Même après avoir vaincu ces agissements, grâce à un large soutien populaire, Corbyn a continué avec ses capitulations envers la droite, illustrées récemment par sa décision de ne pas appuyer une motion parlementaire appelant à une enquête sur les mensonges de l’ancien Premier ministre Tony Blair justifiant la guerre illégale contre l’Irak.
En l’espace de quelques heures après la défaite de la motion du Parti national écossais, grâce à la lâcheté de Corbyn, Blair annonçait la formation d’un nouveau groupe de pression politique sur une « plate-forme conçue pour établir un nouveau programme politique pour le centre ». Il a ajouté que, « Son axe sera en partie évidemment centré sur le débat européen ».
En appelant à un boycott actif, le Parti de l’égalité socialiste avait insisté pendant la campagne référendaire que les factions pro – et anti-UE de l’élite dirigeante sont toutes réactionnaires.

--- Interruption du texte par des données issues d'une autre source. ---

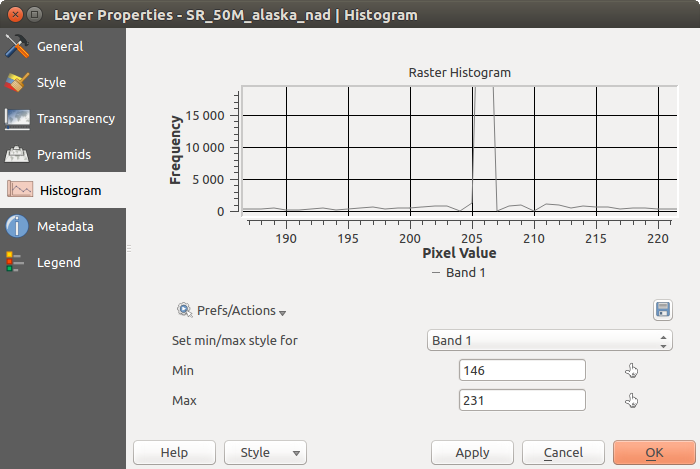 ../../../_images/rasterHistogram.png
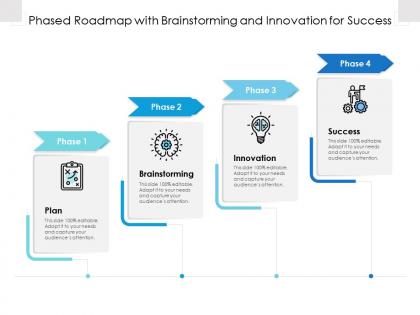 Phased roadmap with brainstorming and innovation for success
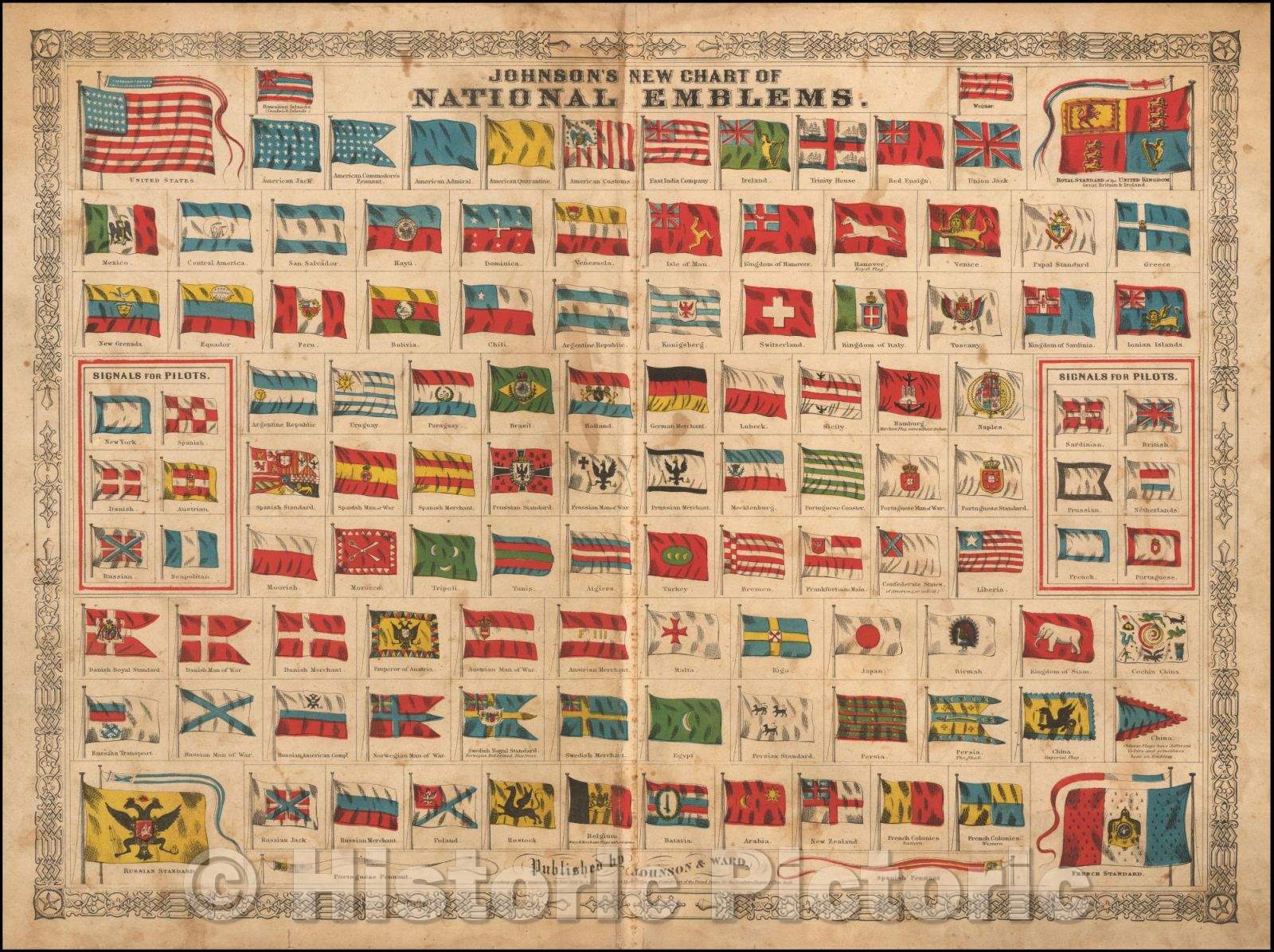 Historic Map - Johnson's New Chart of National Emblems, 1865, Benjamin P Ward - Vintage Wall Art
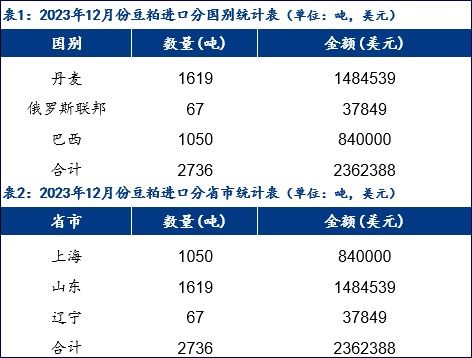 澳门四不像免费资料的特点|数据分析解释落实_适应版.6.767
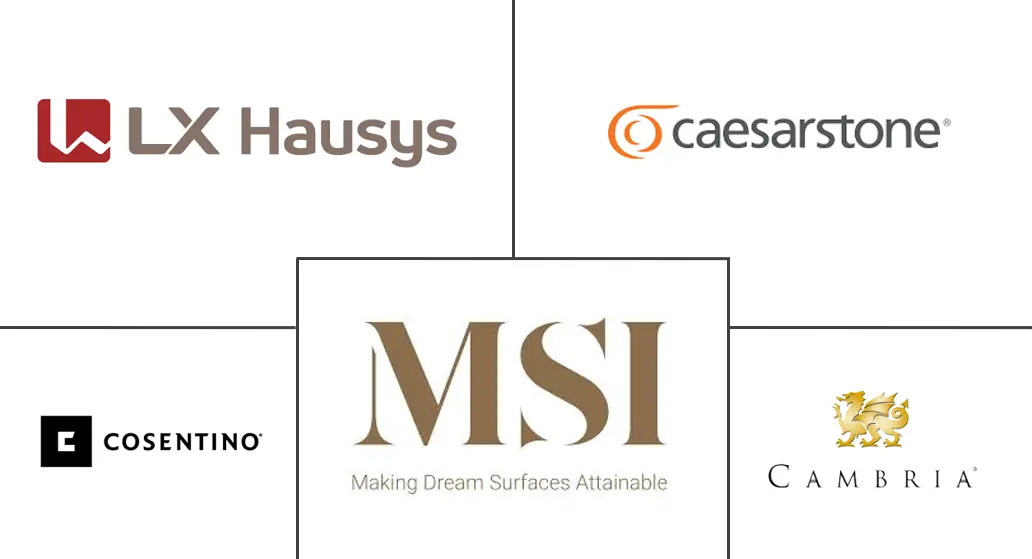 Major players in North America Countertop industry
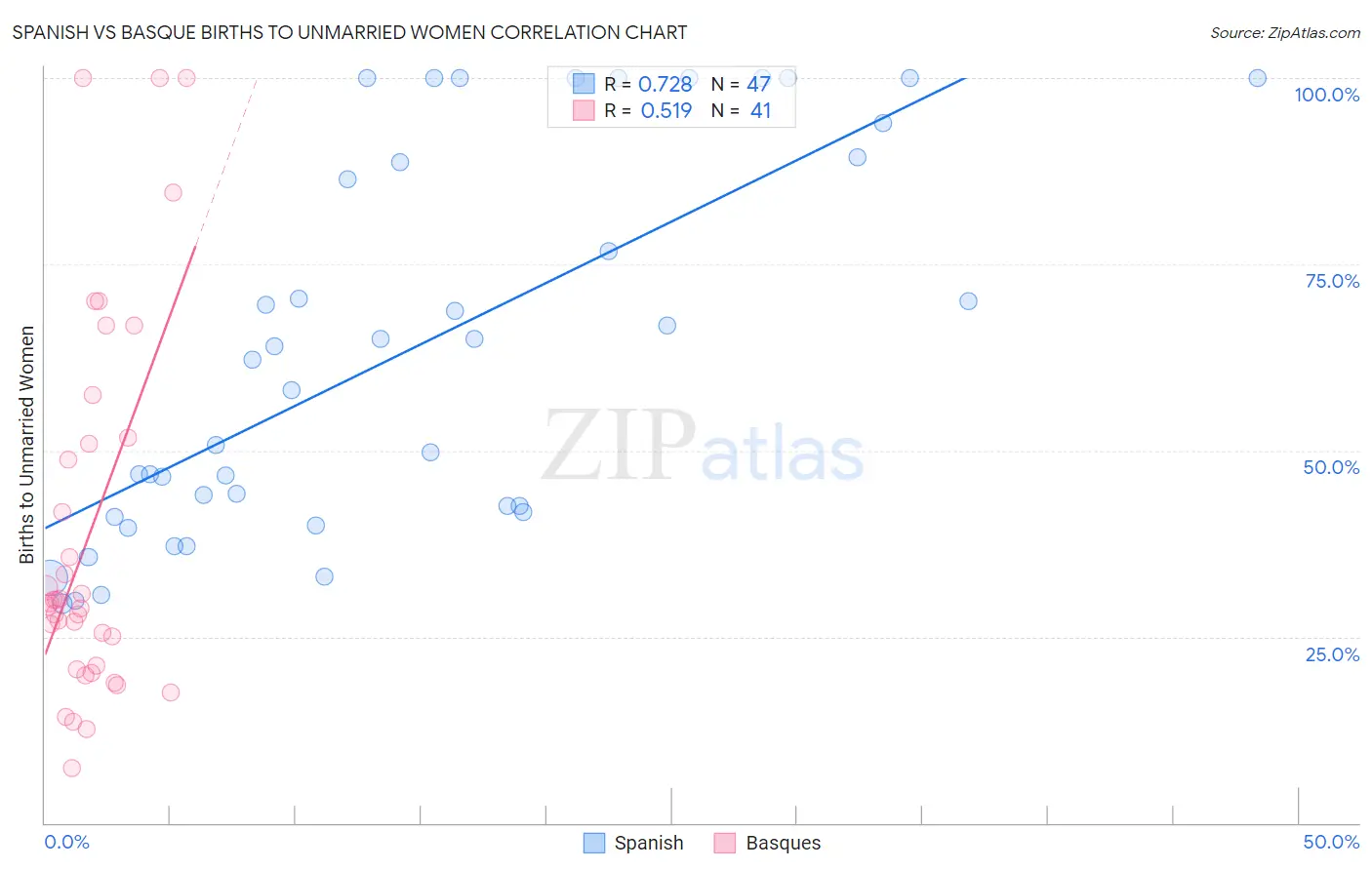 Spanish vs Basque Births to Unmarried Women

Les partisans du Brexit fondent leur stratégie sur les calculs selon lesquels l’Union européenne est à l’agonie et que l’impérialisme britannique doit être libéré de toute contrainte sur sa capacité d’exploiter les marchés mondiaux. C’est sur cette base que le gouvernement de Theresa May sollicite en rampant l’approbation de Trump, un partisan du Brexit, tout en faisant des efforts concertés pour développer des liens économiques plus étroits avec la Chine et l’Inde.
Le Parti de l’égalité socialiste a insisté sur le fait que le camp de Remain, qui représente les intérêts des escrocs financiers de la City de Londres, se préoccupe uniquement de l’accès au marché unique et adopte volontiers la rhétorique anti-immigration des partisans du Brexit, en exigeant des restriction ou la fin de la libre circulation des citoyens de l’UE vers le Royaume-Uni. Dans leur approbation de l’UE, ils glorifient l’institution haïe par des millions de travailleurs à travers le continent en raison de son imposition continue de l’austérité.